Comment by Frieren
6 months ago
This assessment fits with my anecdotal evidence. LLMs just cannot reason in any basic way.
LLMs have a large knowledge base that can be spit out at a moment notice. But they have zero insight on its contents, even when the information has just been asked a few lines before.
Most of the "intelligence" that LLMs show is just the ability to ask in the correct way the correct questions mirrored back to the user. That is why there is so many advice on how to do "proper prompting".
That and the fact that most questions have already been asked before as anyone that spend some time in StackOverflow back in the day realized. And memory and not reasoning is what is needed to answer them.
> This assessment fits with my anecdotal evidence. LLMs just cannot reason in any basic way.
LLM reasoning is brittle and not like human cognition, but it is far from zero. It has demonstrably improved to a point where it can solve complex, multi-step problems across domains. See the numerous successful benchmarks and out of sample evals (livebench.ai, imo 2025, trackingai.ai IQ, matharena.ai etc).
I gained multiple months of productivity from vibe coding personally in 2025. If being able to correctly code a complex piece of software from a vague, single paragraph description isn't reasoning, what else is? Btw, I don't code UIs. I code complex mathematical algorithms, some of which never found in textbooks.
> LLMs have a large knowledge base that can be spit out at a moment notice. But they have zero insight on its contents, even when the information has just been asked a few lines before.
LLMs have excellent recall of recent information within their context window. While they lack human-like consciousness or "insight," their ability to synthesize and re-contextualize information from their vast knowledge base is a powerful capability that goes beyond simple data retrieval.
If anything LLMs show polymath-level ability to synthesize information across domains. How do I know? I use them everyday and get great mileage. It's very obvious.
> Most of the "intelligence" that LLMs show is just the ability to ask in the correct way the correct questions mirrored back to the user. That is why there is so many advice on how to do "proper prompting".
Prompting is the user interface for steering the model's intelligence. However, the model's ability to generate complex, novel, and functional outputs that far exceed the complexity of the input prompt shows that its "intelligence" is more than just a reflection of the user's query.
To summarize, I'm appalled by your statements, as a heavy user of SoTA LLMs on a daily basis for practically anything. I suspect you don't use them enough, and lack a viceral feel or scope for their capabilities.
Please don't tell me you were one of those marking every SO question as duplicate, more often than not missing the entire nuance in the question that made it not a duplicate at all, and the answers to the so called previously asked question utterly unusable?
This was one of those infuriating things that drove so many away from SO and jump ship the second there was an alternative.
I'm not sure why duplicates were ever considered an issue. For certain subjects (like JS) things evolved so quickly during the height of SO that even a year old answer was outdated.
That and search engines seemed to promote more recent content.. so an old answer sank under the ocean of blog spam
SO wanted to avoid being a raw Q&A site in favor of something more like a wiki.
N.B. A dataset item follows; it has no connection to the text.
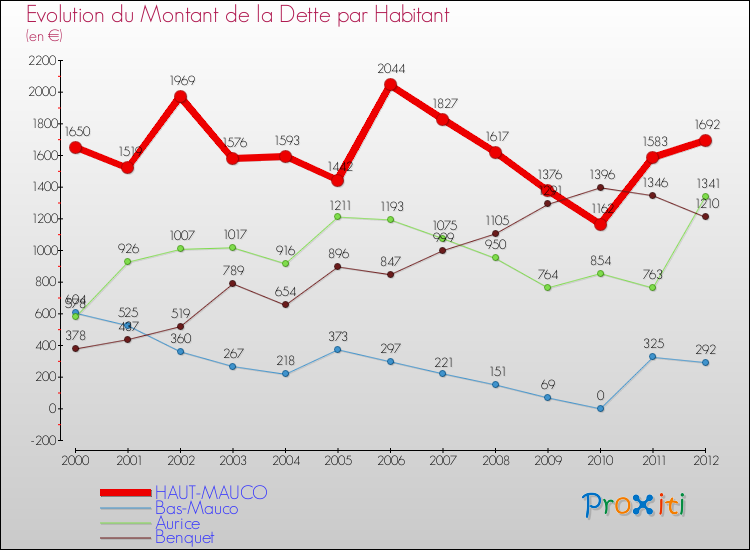 Evolution de la dette par habitant pour la commune de HAUT-MAUCO et les communes proches de 2000 à 2012 Comparaison de la dette par habitant pour HAUT-MAUCO et les communes voisines de 2000 à 2012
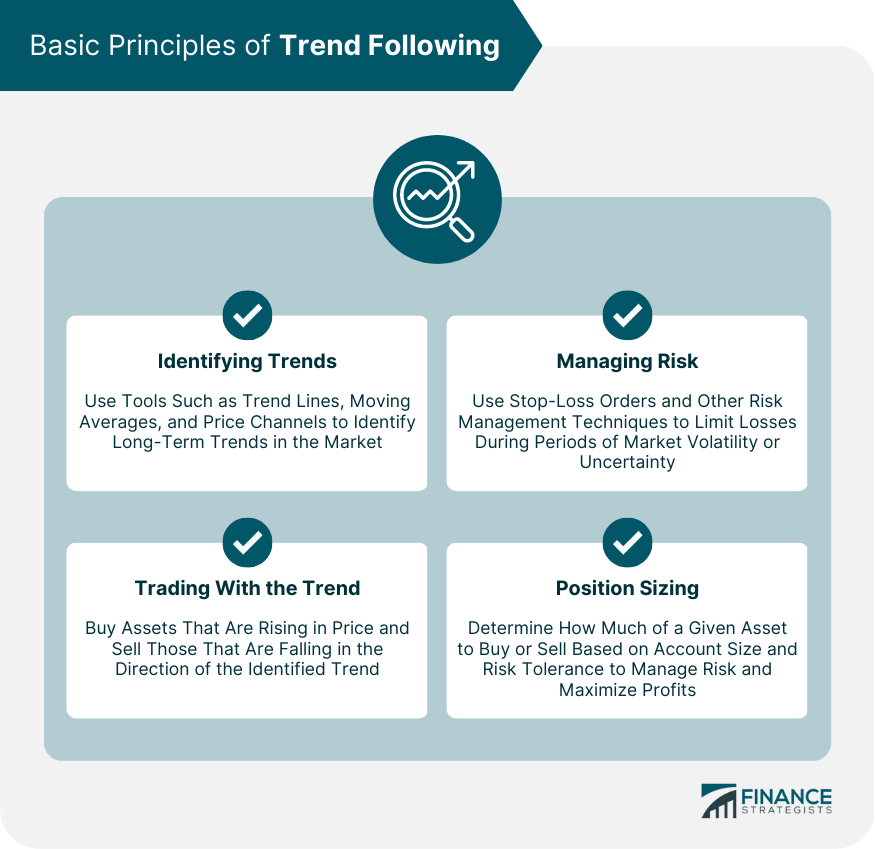 Basic Principles of Trend Following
If a year-old answer on a canonical question is now incorrect, you edit it.
7 replies →
I was "playing" the gamification part of StackOverflow. I wanted to ask a good question for points. But it was very difficult because any meaningful question had already been asked. It was way easier to find questions to answer.
Every time I ask people for an example of this, and get one, I agree with the duplicate determination. Sometimes it requires a little skimming of the canonical answers past just the #1 accepted one; sometimes there's a heavily upvoted clarification in a top comment, but it's usually pretty reasonable.
>This assessment fits with my anecdotal evidence. LLMs just cannot reason in any basic way.
Agreed completely, and the sentiment seems to be spreading at an ever-increasing rate. I wonder how long it will be before the bubble collapses. I was thinking maybe as long as a few years, but it might be far sooner at this rate. All it will take is one of the large AI companies coming out and publicly stating that they're no longer making meaningful gains or some other way that shows the public what's really going on behind the curtain.
I'm certain the AI hype bubble will be studied for generations as the greatest mass delusion in history (so far).